Many of my clients talk to me about forgiveness and the first thing I say is “don’t worry about forgiving right now, allow yourself the feelings that you have. Let yourself feel your rage, your anger, your sense of injustice and all those feelings that are flooding to the surface as a result of someone else’s actions or behavior.
Getting to a state of forgiveness too early can be detrimental to your emotional health, because you are using forgiveness as a tool to suppress the underlying emotions that need to be felt and expressed in a healthy way. If you don’t deal with your emotional pain, it will go underground and will cause a lot of problems from the subconscious state.

We get depressed when we “repress” our feelings. Some people will tell you that depression is anger turned inward. I find that when we turn any of our emotions in on ourselves we can enter a state of depression. This is because we are not being honest with ourselves and we certainly aren’t being loving to ourselves. When we can say “I am angry! I am sad! I feel betrayed! I feel hurt,” we are learning to be honest with our feelings and can find healthy ways to release them. If we deny how we feel and we push our feelings down, they are still there, bubbling under the surface of our awareness.
Having love, compassion and care for yourself is the most important part of forgiveness, because you need to create a safe place (emotional safety) to feel and work through your painful emotions. You have to learn how to extend love and compassion to the one who is hurting. You need to tell this part of yourself that what he/she is feeling is okay. You have to tell this precious “inner child” that it is not its fault that it was treated in this way. You need to remind yourself that people, in their own unconsciousness, will project their unconscious wounds onto the most convenient target.

As we go deeper into forgiveness we develop an understanding of the psychology of the human mind. We learn that people don’t treat us badly because of who we are. People treat us badly because of who they are. We need to learn not to take other people personally. This is a hard lesson.
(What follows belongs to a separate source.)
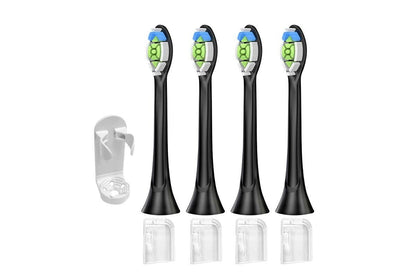 4Pcs Electric Toothbrush Replacement Heads Compatible with Philips HX3/HX6/HX9 Series Black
But in learning it we set ourselves free.

I was told, when I decided to step out into the world with my voice and talk about my own experiences and my own pain, that I would be a target for others. The more visible we are; the more we step into our true authentic selves; the more we shine our light in the world, the bigger target we become for those who are still denying their inner reality.
I have been accused of being in denial by one who was in denial. I was accused of being heartless, by one who was heartless. I was accused of being ignorant, by one who was ignorant. I have been accused of being selfish, by one who was selfish. I have been accused of being narcissistic by one who was narcissistic. This is how projection works. I could not be out in the world in the way I am if I didn’t understand projection.
When I first started writing and sharing, I experienced a lot of email attacks by readers who picked out one word or sentence from what I was writing and created their own story about what I was saying that had nothing to do with what I was actually saying. Something I said triggered them, causing them to feel their own repressed pain and anger, and they projected their repressed feelings onto me, attacking me. They blamed me for how they were feeling. At first this was difficult for me. I had to learn the hard way. But as I stopped taking these people personally, stopped trying to defend myself and even stopped reading the emails all together, something interesting happened. The emails stopped coming. I stopped noticing them. They no longer had power over me. If I did get an attacking email every now and then I would say “wow, poor soul, he is really triggered by that article.” I would delete it and move on.

Forgiveness begins at home, inside of you! Forgive yourself and all others are forgiven. This frees you up to live from a state of love and compassion, which is truly the only place to live.